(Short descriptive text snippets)
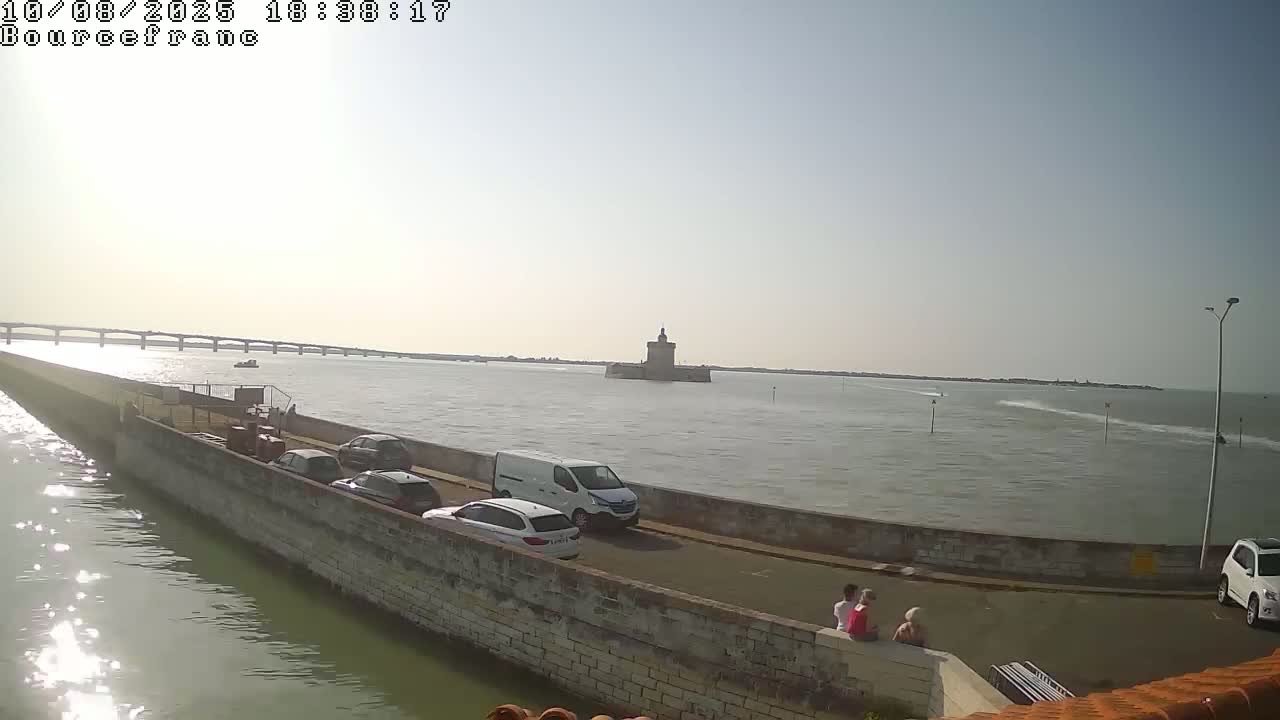 Bourcefranc-Le-Chaups Port & Fort Louvois Fortress Live Cam - Rochefort, Charente-Maritime, Nouvelle-Aquitaine, France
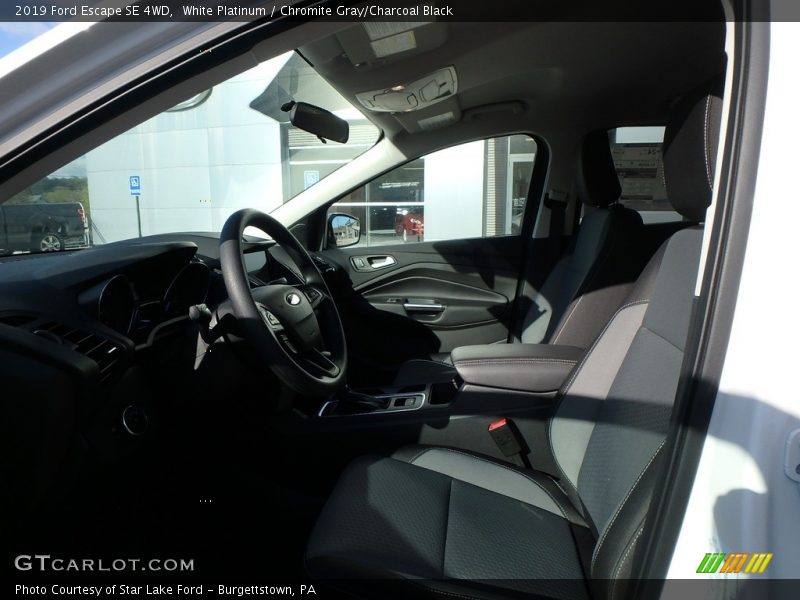 White Platinum / Chromite Gray/Charcoal Black 2019 Ford Escape SE 4WD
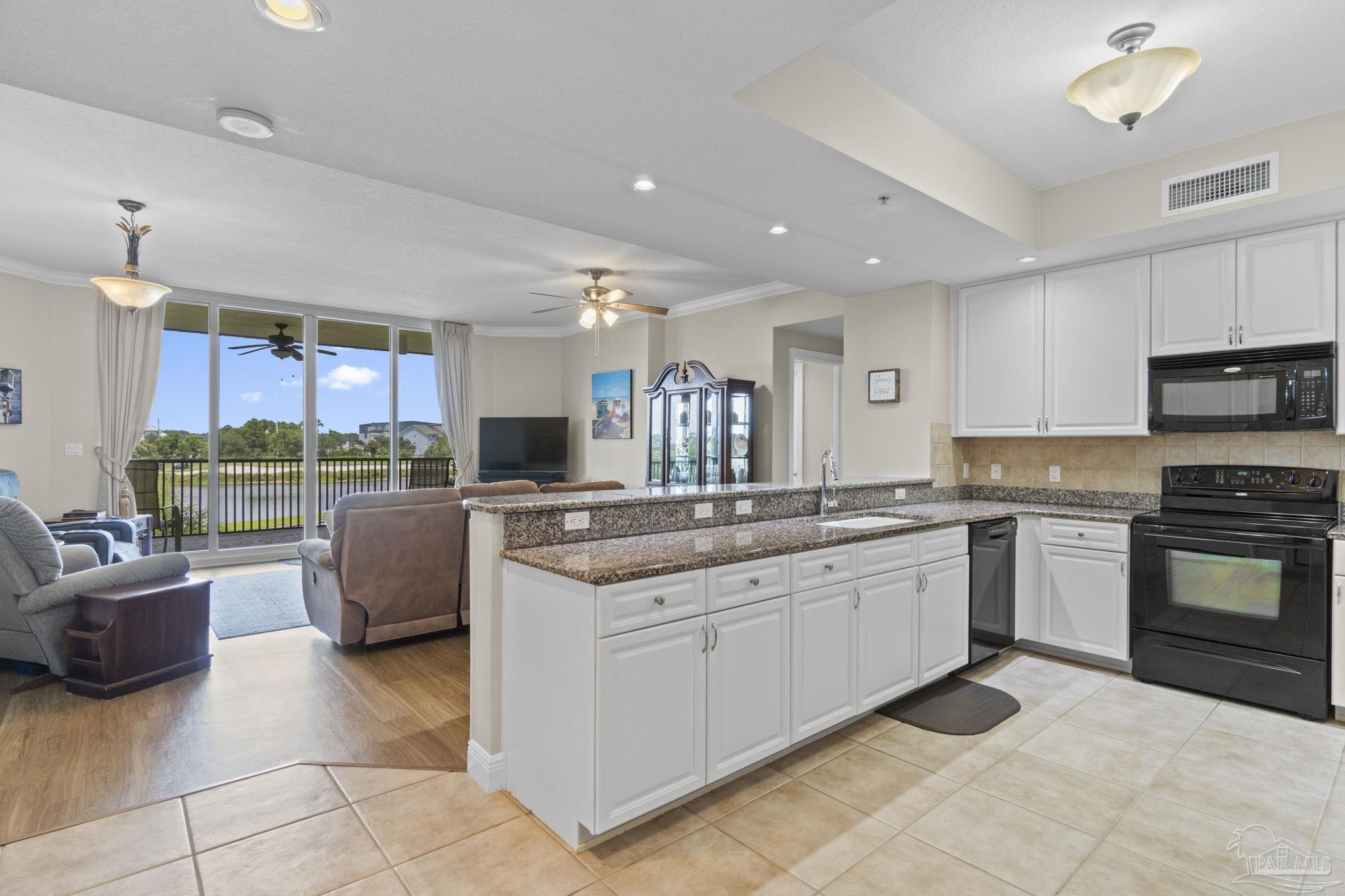 645 Lost Key Dr # 204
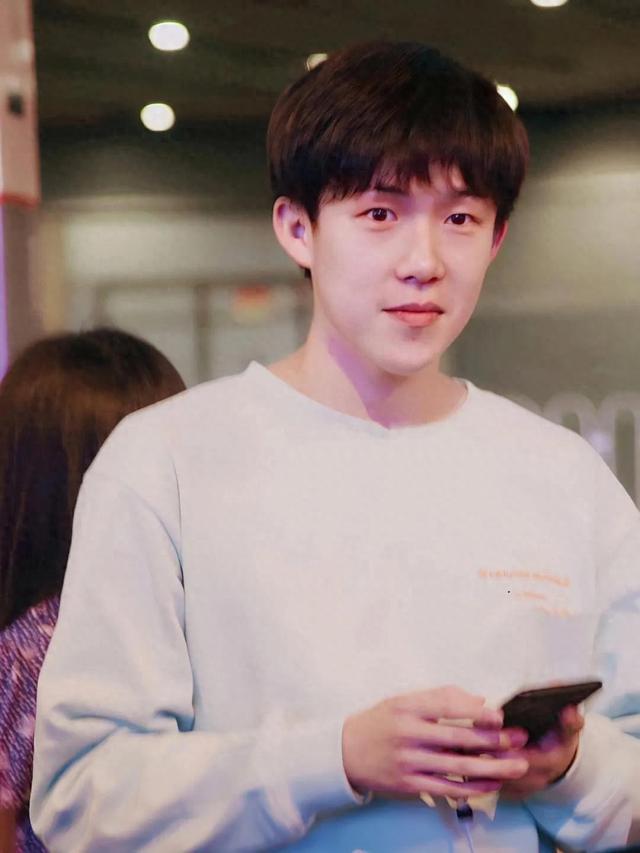 回北京!王楚钦深夜更新微博感谢新朋友,文中两字扎心,配图亮了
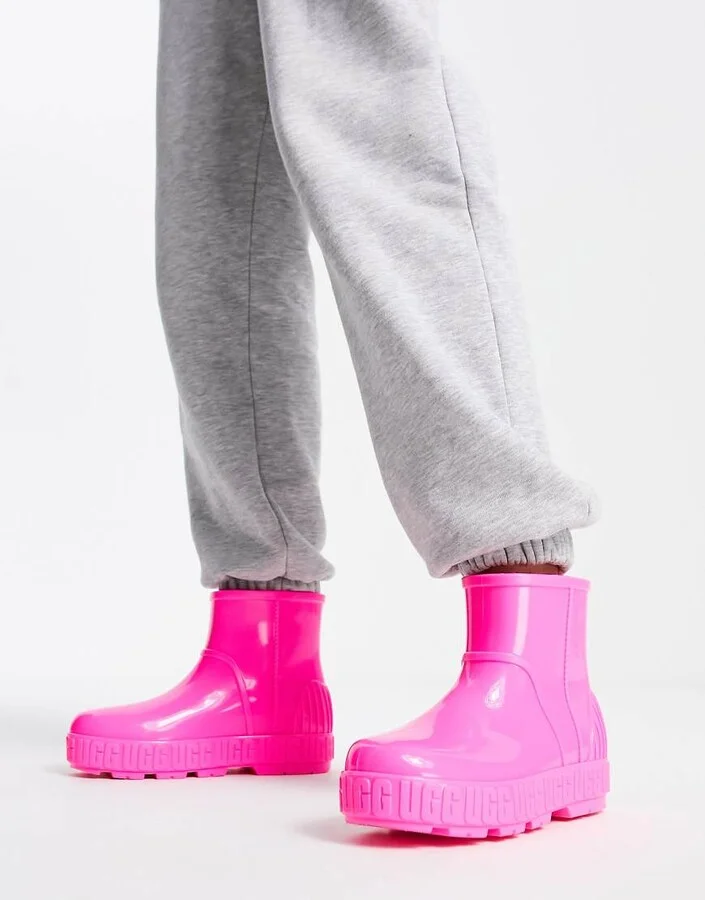 UGG Drizlita rain boots with shearling insole in pink - Image 3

» WHAT TO DO
Please restate each entry exactly, but drop any picture it holds.

» EXERCISE SOLUTION
 Bourcefranc-Le-Chaups Port & Fort Louvois Fortress Live Cam - Rochefort, Charente-Maritime, Nouvelle-Aquitaine, France
 White Platinum / Chromite Gray/Charcoal Black 2019 Ford Escape SE 4WD
 645 Lost Key Dr # 204
 回北京!王楚钦深夜更新微博感谢新朋友,文中两字扎心,配图亮了
 UGG Drizlita rain boots with shearling insole in pink - Image 3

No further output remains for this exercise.